In each of these cases the defendant was charged with violating Health and Safety Code section 11550 and pleaded guilty or nolo contendere to the charge. The section provides for a mandatory 90-day minimum sentence, whether imposed directly or as a condition of probation, and states that "In no event does the court have the power to absolve a person who violates this section from the obligation of spending at least 90 days in confinement in the county jail." In each of the cases, however, the trial court sentenced the defendants to the county jail and then suspended sentence, placing the defendants on probation on varying conditions, none of which included a jail term long as 90 days. The People have appealed in each case from "the order of the court absolving the defendant from the obligation of spending at least 90 days in confinement in the county jail."

Appealability

[1] Since the sole ground urged by the People is that the trial courts imposed sentences which are in violation of the statute, defendants argue that no appeal lies. First, they assert that Penal Code section 1466, subdivision 1, which lists the instances where the people may appeal from the municipal courts in criminal cases, does not authorize appeals from sentences. The defendants in these cases are in error. In contrast to other cases where trial courts have imposed sentences of incarceration in the county jail, without suspending execution of the sentence (in which instance the People may not appeal--People v. Ventura (1978) ante, page 8 [148 Cal.Rptr. 581]), here the sentences were suspended and then an order was made placing the defendants on probation. In such a situation the order suspending the already imposed sentence and placing the defendants on probation is an order made after judgment affecting the substantial rights of the People and is made appealable by Penal Code section 1466, subdivision 1(e). (People v. Warner (1978) 20 Cal. 3d 678, 682, fn. 1 [143 Cal. Rptr. 885, 574 P.2d 1237]; People v. Mendevil (1978) 81 Cal. App. 3d 84, 88 [146 Cal. Rptr. 65]; People v. Holly (1976) 62 Cal. App. 3d 797, 801-842 [133 Cal. Rptr. 331]; People v. Villegas (1971) 14 Cal. App. 3d 700, 703 [92 Cal. Rptr. 663]; People v. Orrante (1962) 201 Cal. App. 2d 553, 556 [20 Cal. Rptr. 480]; see People v. Beasley (1970) 5 Cal. App. 3d 617, 630 [85 Cal.Rptr501].) [84 Cal. App. 3d Supp. 27]

Double Jeopardy

The defendants argue further, however, that if the People succeed on appeal the defendants will face the prospect of increased punishment and further prosecution. Thus it is contended that the proscription of double jeopardy precludes maintenance of these appeals.

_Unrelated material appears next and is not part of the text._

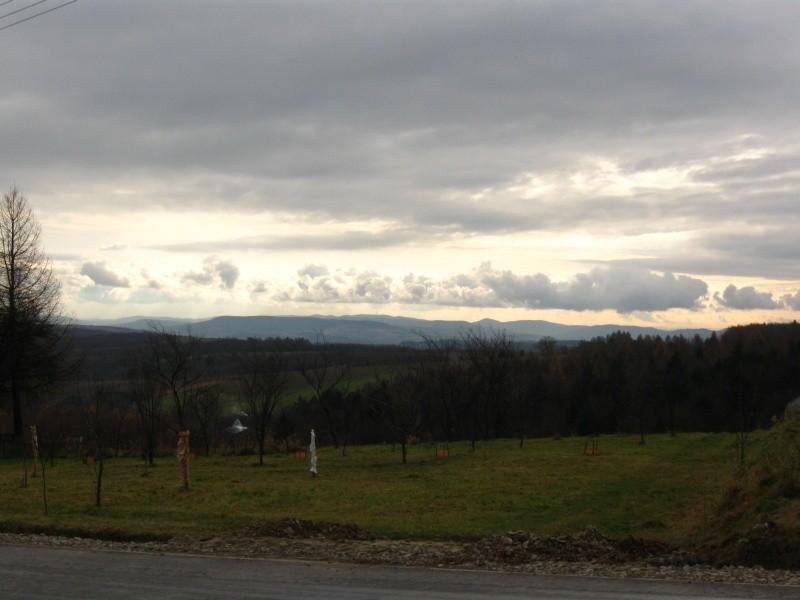 Zachmurzone niebo nad Pogórzem.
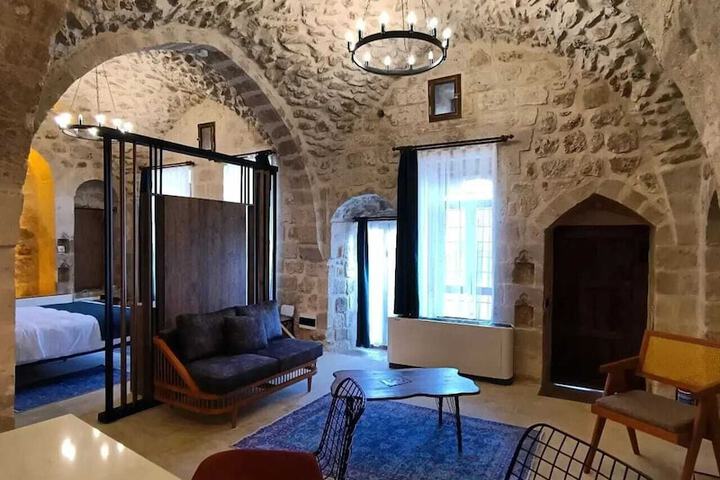 Room 9 of 31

[2a] The argument is not well taken because the double jeopardy concept simply does not apply this situation. We start with the reminder that Health and Safety Code section 11550 expressly states that the court has no power to avoid sentencing defendant convicted of violating that statute to 90 days in jail. The sentence imposed is void and the trial court is free to impose the legally required sentence. "Authority is ample that when the sentence is beyond the power of the court to impose it is void and the court has the power at a later time to impose the legally provided sentence ..." (In re Robinson (1956) 142 Cal. App. 2d 484, 486 [298 P.2d 656]. Kennedy v. United States (9th Cir. 1964) 330 F. 26, 29.) fn. 1

The courts have spoken on this issue before. In Bozza v. United States (1947) 330 US 160, 166-167 [91 L. Ed. 818, 822, 67 S. Ct. 645], the statute required that the court impose a minimum mandatory fine and imprisonment. The trial court instead gave defendant only a prison sentence. The error being call to its attention, it recalled defendant the same day and added the fine to the sentence. The court rejected a double jeopardy claim stating that "the Constitution does not require that sentencing should be a game in which a wrong move by judge means immunity for the prisoner ..." (Ibid)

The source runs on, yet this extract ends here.